Phase 2: Document Retrieval
Each candidate URL is scraped to extract the full text of the page in structured markdown format. We filter out pages with insufficient content (under 150 characters of text) and sort remaining documents by content length, prioritizing the most substantive sources.
Some URLs fail to retrieve — government PDF files, JavaScript-heavy GIS portals, or sites that block automated access. These failures are logged as warnings but don't halt the report; the pipeline continues with whatever documents were successfully retrieved.
Each retrieved document is tagged with its source URL, the category it was retrieved under, a timestamp, and any title or description metadata available from the page.
Phase 3: AI-Assisted Analysis
The retrieved documents are passed to a large language model with a structured prompt that instructs the model to synthesize the source material into a standardized report schema.

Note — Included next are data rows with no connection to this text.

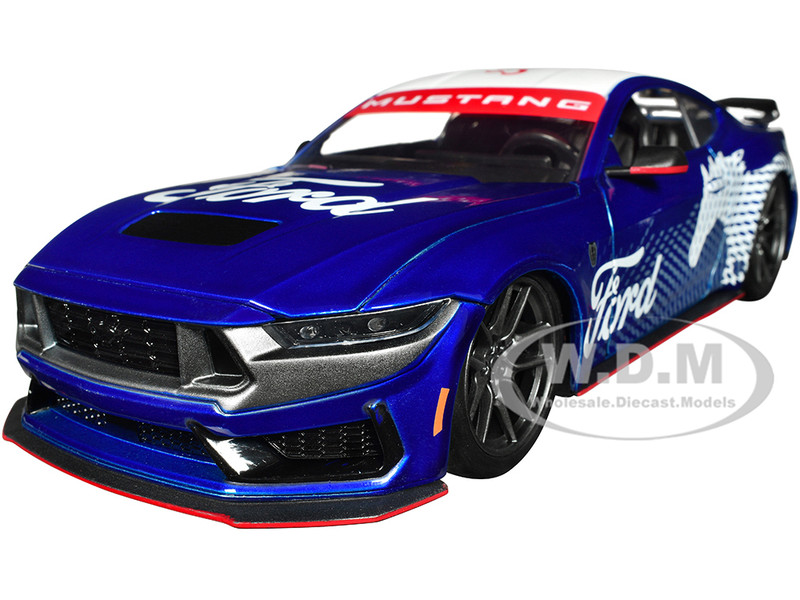 2024 Ford Mustang Dark House Candy Blue with White Top and Mustang Horse Graphics Bigtime Muscle Series 1/24 Diecast Model Car Jada 35419
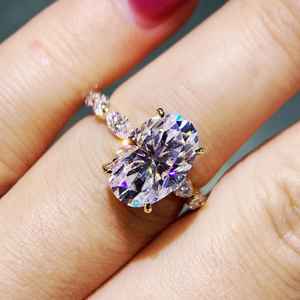 แหวนเพชรโมอิสซาไนต์ทรงวงรีทรง925สำหรับเรือนพลอยทำมือขนาดใหญ่ได้รับการรับรองคุณภาพยอดเยี่ยม - Product Image 4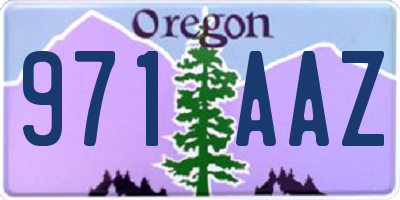OR license plate 971AAZ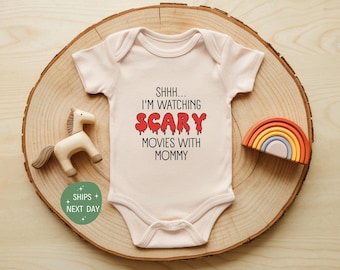 Shhh... I'm Watching Scary Movies With MOMMY Onesie®, Cinema Movie Baby Bodysuit, Cute Baby Clothes, Natural Baby Onesie®, Baby Shower Gift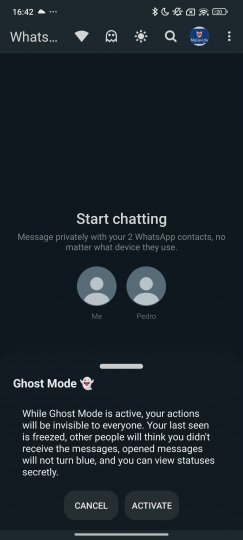 Modo fantasma en WhatsApp Aero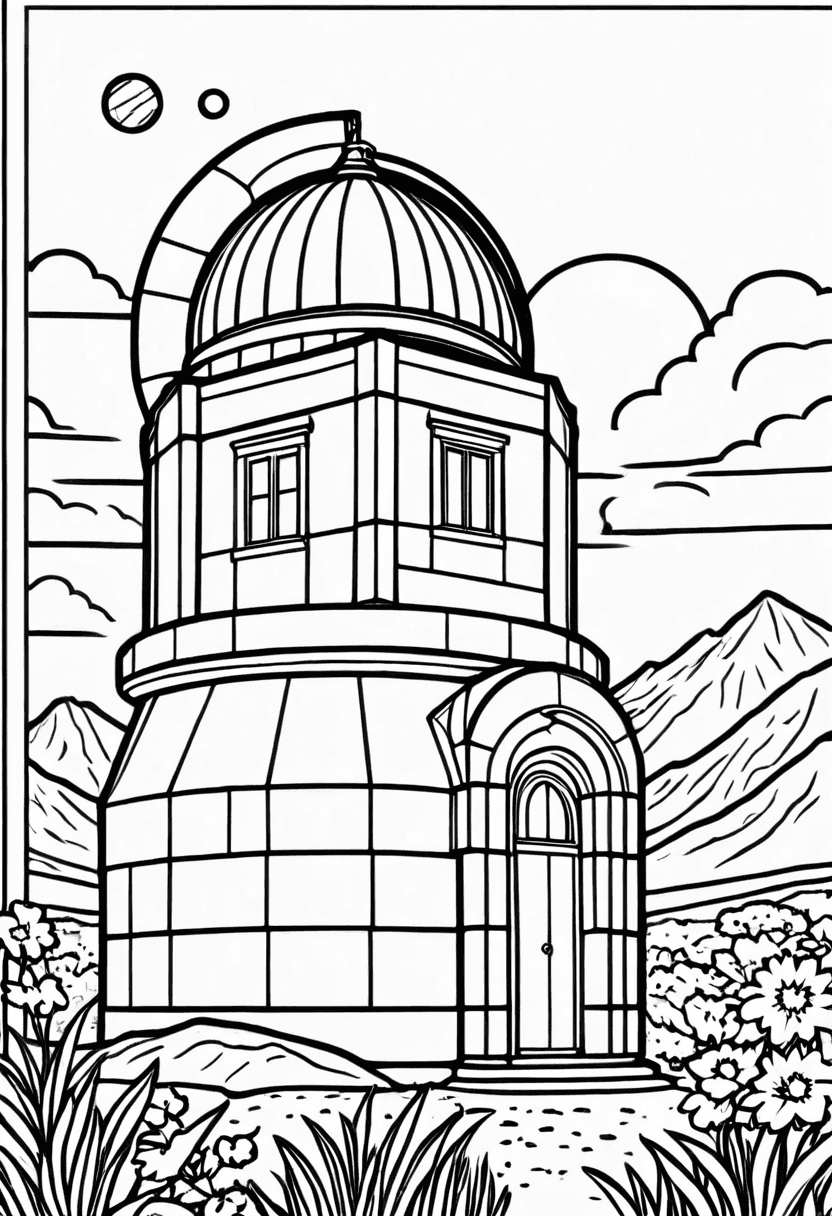 Astronomy Observatory — free printable coloring page to download and print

The model is explicitly instructed to:
- Ground all conclusions in the source material — not general knowledge about zoning law
- Never fabricate specific zoning facts (setback distances, height limits, FAR values)
- Populate the data gaps section when source material is insufficient, rather than speculating
- Distinguish adopted law from pending proposals
- Preserve original phrasing from the source documents for dimensional values
- Note the source document that supports each material claim
The report schema is validated against a strict type definition to ensure structural completeness before storage. Reports that fail validation are not surfaced to users.
Report Structure
Every Zonloty report contains two layers:
General Zoning Analysis— factual description of the municipality's zoning framework: districts, use regulations, dimensional standards, overlay districts, parking rules, site development standards, ADU and special-use rules, nonconforming use provisions, environmental constraints, and approval processes.
Investor Intelligence — inference-based analysis of deal feasibility by project type (ADU, multifamily, mixed-use, short-term rental, etc.), approval complexity and risk, regulatory constraints, economic drivers, policy direction, and precedent patterns from board activity. These sections use cautious language to reflect that they are analytical interpretations, not determinations of legal right.
Data Freshness
Reports are generated at the time of request and cached for seven days. Subsequent requests for the same municipality within seven days return the cached report rather than triggering new research. Public town pages on Zonloty display when the report was last researched.
Zoning codes change. Amendments, rezoning petitions, overlay additions, and policy shifts can alter what a code says between our research date and the time you read it. Always verify material facts with the relevant planning department — particularly for recent changes — before making investment or development decisions.
Known Limitations
- PDF-heavy municipalities — Many towns publish their zoning codes only as scanned PDFs that automated tools cannot fully read. Reports for these municipalities may have larger data gaps.
- Recent amendments — Zoning amendments adopted in the days or weeks before a report is generated may not yet appear in online code repositories, which can lag behind adopted ordinances.
- Informal interpretations — Planning departments sometimes apply rules informally in ways that differ from the written code. Our reports reflect the written code, not undocumented administrative practice.
- Very small municipalities — Towns with minimal online presence may have insufficient public source material to support a complete report. In these cases, the data gaps section will be more extensive.
- No legal advice — Zonloty reports are research tools. They do not constitute legal advice and are not a substitute for review by a licensed land-use attorney on a specific project.